=== Supplied material ===

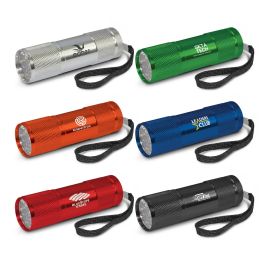 Nebula anodised aluminium torch with LED beam and wrist strap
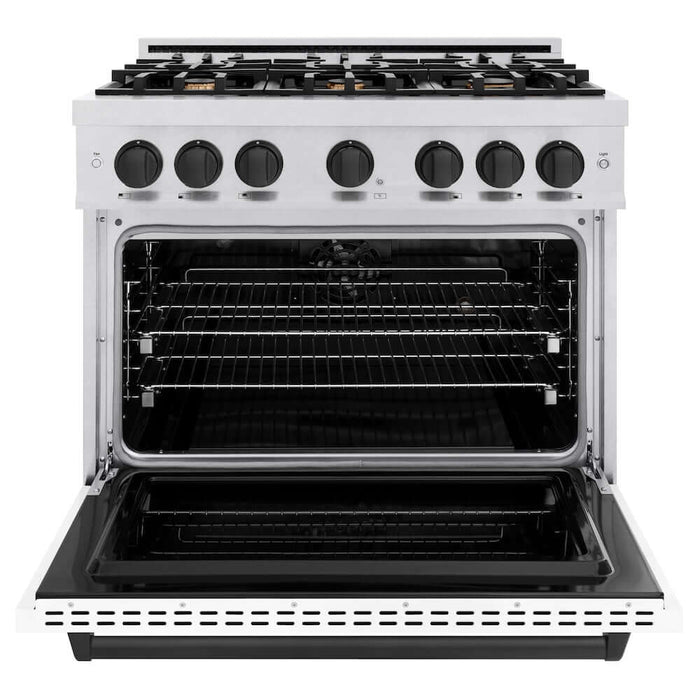 ZLINE 36" Dual Fuel Range, Gas Cooktop, Electric Convection Oven DuraSnow® Stainless Steel, Matte Black CDRSZ-36-MB09K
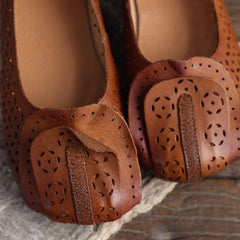 Handgemachte Hollow Out Sandalen Retro Loafers Grün/Braun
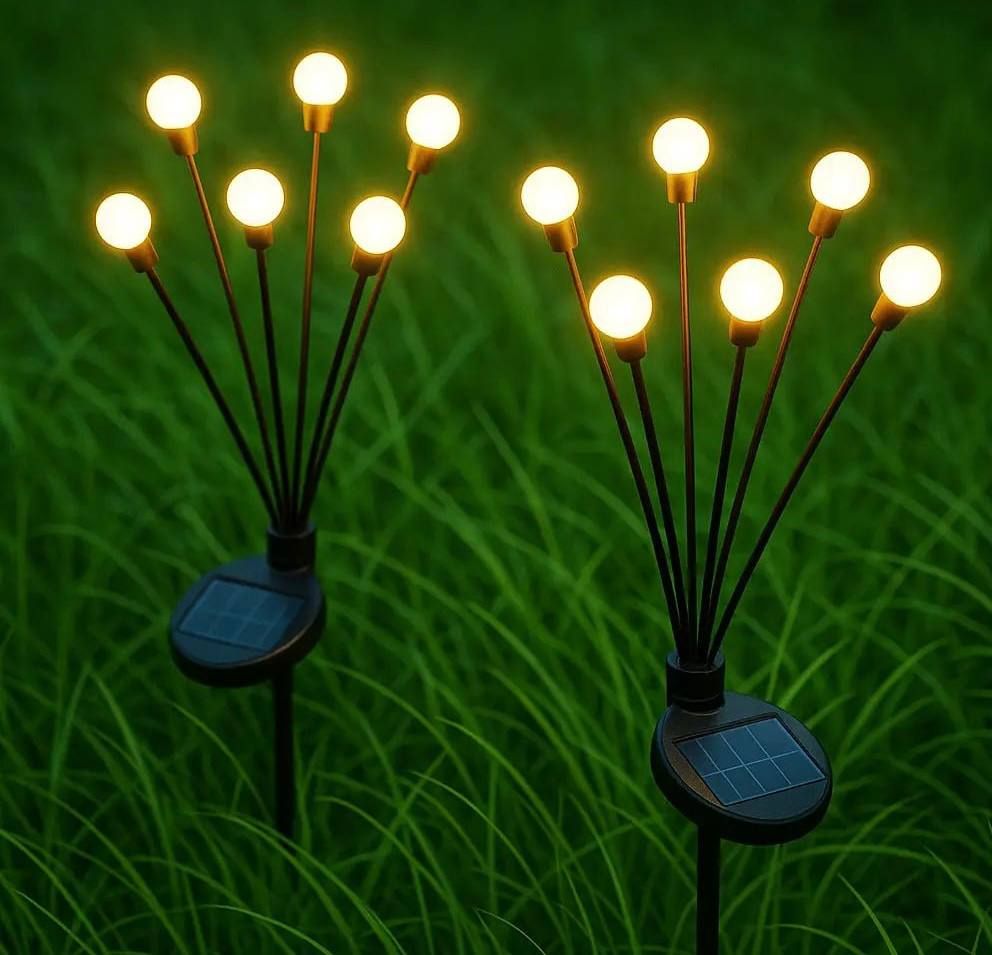 2шт Садовий світильник на сонячній батареї 6LED - фото фото фото 0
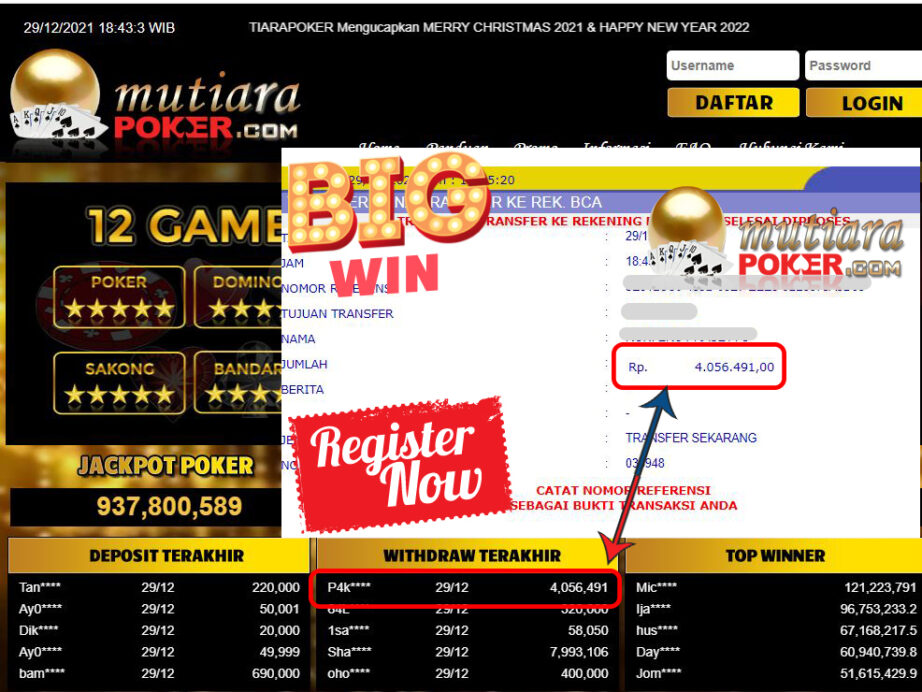 Bukti Withdraw ( 4.056.491 ) Member Setia Mutiarapoker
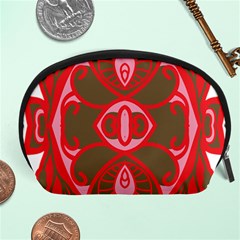 A Red And Brown Design On A White Background Accessory Pouch (large)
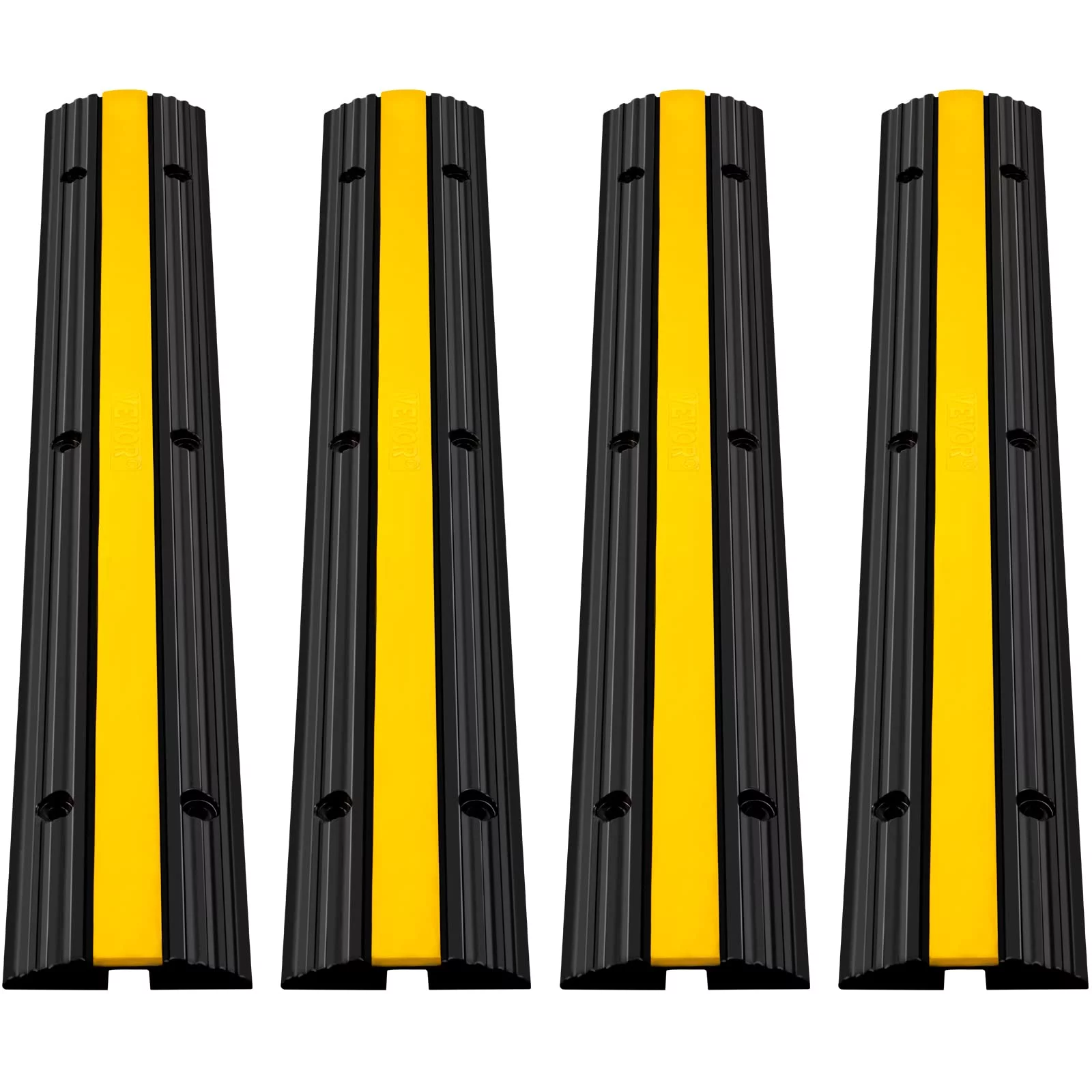 VEVOR 4 Pack of 1-Channel Rubber Cable Protector Ramps Heavy Duty 22046lbs Load Capacity Cable Wire Cord Cover Ramp Speed Bump Driveway Hose Cable Ramp Protective Cover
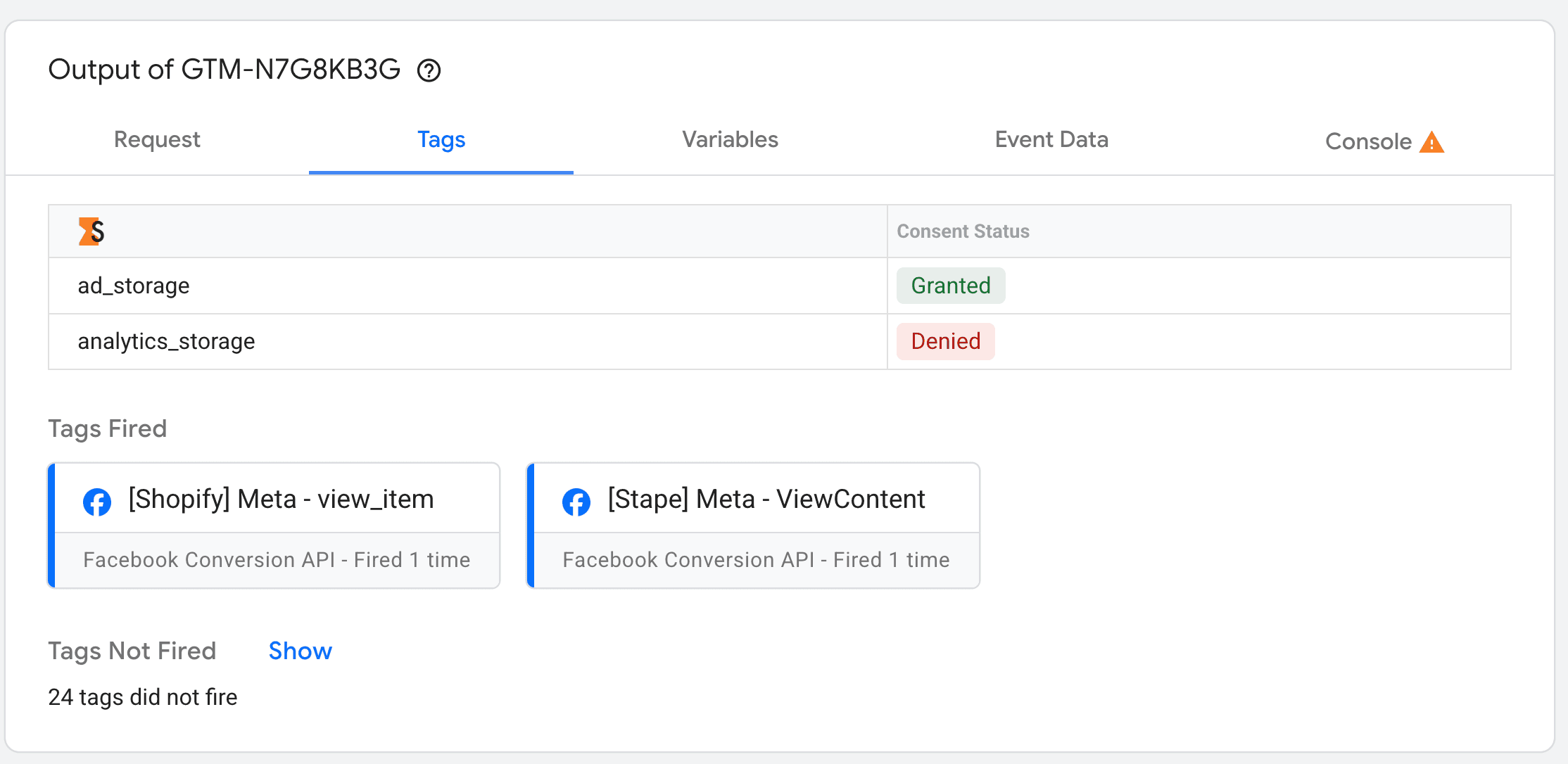 Einwilligungsstatus in sGTM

===

- Aim of the exercise:
Please copy the lines above, starting at the one that holds "Bukti Withdraw ( 4.056.491" and stopping after the last line, exactly as they appear and minus the pictures.

- Task output:
 Bukti Withdraw ( 4.056.491 ) Member Setia Mutiarapoker
 A Red And Brown Design On A White Background Accessory Pouch (large)
 VEVOR 4 Pack of 1-Channel Rubber Cable Protector Ramps Heavy Duty 22046lbs Load Capacity Cable Wire Cord Cover Ramp Speed Bump Driveway Hose Cable Ramp Protective Cover
 Einwilligungsstatus in sGTM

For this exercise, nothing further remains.